The approach to subdural hematoma is really no different than that for epidural hematoma except that the craniotomy is usually much larger and the dura is opened. The scalp incision is usually a very large curvilinear incision beginning at the hairline in the midline and continuing along the midline to approximately lambda. From here, the incision continues parallel to the lambdoid suture to the level of the asterion and then continues anteriorly just above the ear and curves anterior to the ear to end 1 cm inferior to the zygoma’s root. The temporalis muscle is removed as above, but no time is wasted in preserving the fascial attachment to the superior temporal line. This distinction is in contrast to the approach to epidural hematoma since the author often does not replace the bone flap following the evacuation of the hematoma because the brain is much more likely to swell significantly, causing ICP management problems. In any case, the skull is removed as described above but hugging the periphery of the skin incision and extending the craniotomy down to the frontal floor and pole and the temporal floor and pterion. Though this seems like a lot of surgery, it rarely takes more than 5 minutes to complete the craniotomy from the time of first skin incision. Once the skull is off, the dura is rapidly and widely opened using tenotomy scissors. At this point, the hematoma is evacuated.
Subdural hematomas result from tearing of cortical draining veins. These typically drain into six areas—the superior sagittal sinus at
the frontal pole,
along the frontoparietal junction
the occipital pole,
the sphenoparietal sinus at the temporal pole,
the transverse sigmoid junction,
along the superior petrosal sinus.
These areas should be inspected to ensure that any active bleeding has stopped. Once hemostasis is ensured, a ventriculostomy is passed through the exposed frontal lobe into the lateral ventricle. A subdural drain is placed and both catheters are tunneled through the skin outside the musculocutaneous flap. The brain is then covered with Gelfoam and the skin flap closed with 2-0 Vicryl. If the bone is replaced, it is done so as described above.
The approach to intraparenchymal contusion depends on the presence of an subdural hematoma. In the absence of the hematoma and significant global cerebral swelling, an approach akin to that of epidural hematoma is used. If not, the subdural hematoma approach is used. Once the brain is exposed, a small cortical incision is made where the contusion is closest to the surface of the brain—avoiding eloquent areas such as the primary motor cortex. Once the contusion is encountered, it usually delivers itself with minimal effort. Hemostasis is ensured and the wound closed as above.

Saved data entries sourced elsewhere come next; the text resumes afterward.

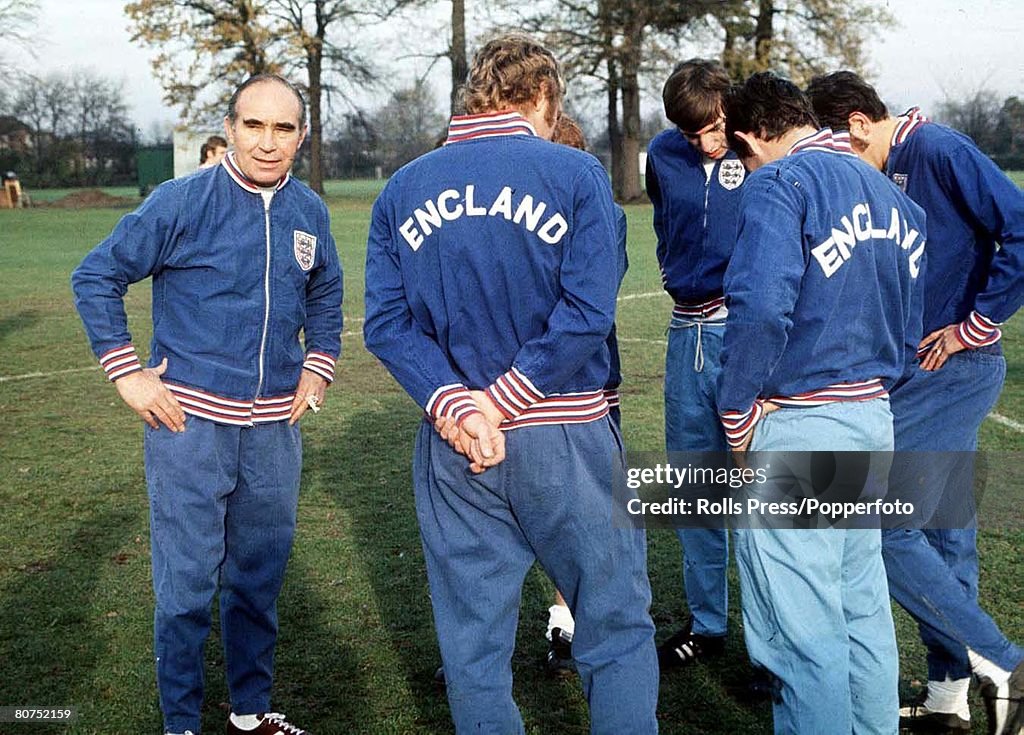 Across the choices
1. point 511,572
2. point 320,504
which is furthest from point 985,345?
point 320,504

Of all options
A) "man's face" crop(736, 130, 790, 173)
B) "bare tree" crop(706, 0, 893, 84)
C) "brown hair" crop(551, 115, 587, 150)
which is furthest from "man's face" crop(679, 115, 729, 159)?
"bare tree" crop(706, 0, 893, 84)

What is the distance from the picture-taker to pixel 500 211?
9.57 feet

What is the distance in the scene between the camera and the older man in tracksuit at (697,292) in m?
4.54

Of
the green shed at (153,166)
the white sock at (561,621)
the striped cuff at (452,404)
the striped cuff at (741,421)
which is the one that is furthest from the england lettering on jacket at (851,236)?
the green shed at (153,166)

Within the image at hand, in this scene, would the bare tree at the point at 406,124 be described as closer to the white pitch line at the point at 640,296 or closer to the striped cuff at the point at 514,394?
the white pitch line at the point at 640,296

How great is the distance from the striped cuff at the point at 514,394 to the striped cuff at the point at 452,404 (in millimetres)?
63

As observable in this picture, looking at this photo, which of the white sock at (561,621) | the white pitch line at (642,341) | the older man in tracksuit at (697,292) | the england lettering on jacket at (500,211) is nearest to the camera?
the england lettering on jacket at (500,211)

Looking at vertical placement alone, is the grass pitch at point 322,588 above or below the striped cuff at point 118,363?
below

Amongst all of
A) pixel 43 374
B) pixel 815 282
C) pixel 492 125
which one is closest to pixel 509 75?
pixel 492 125

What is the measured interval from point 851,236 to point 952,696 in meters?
1.77

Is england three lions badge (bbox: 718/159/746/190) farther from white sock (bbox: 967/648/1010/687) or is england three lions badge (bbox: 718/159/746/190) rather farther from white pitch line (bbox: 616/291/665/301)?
white pitch line (bbox: 616/291/665/301)

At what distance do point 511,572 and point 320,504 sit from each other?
3865mm

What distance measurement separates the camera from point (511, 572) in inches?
122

Open Skull Fractures and Scalp Lacerations
These can be discussed together as their surgical approach is similar. The main surgical objective is to clean the area to minimize the risk of infection and optimize wound closure. In the case of skull fractures, attention must be paid to the possibility of underlying dural lacerations or hematomas. If either is present, a more extensive exploration may be necessary. Much emphasis has been placed on the need for meticulous dural repair. In the author’s opinion, this is not necessary as long as the area has been cleaned and debrided well. Experience from treatment of penetrating injuries has shown that even these do not require aggressive debridement and dural repair. Scalp wounds require mainly that devitalized tissue be removed, wound edges cleaned, and the galea be closed as completely as possible.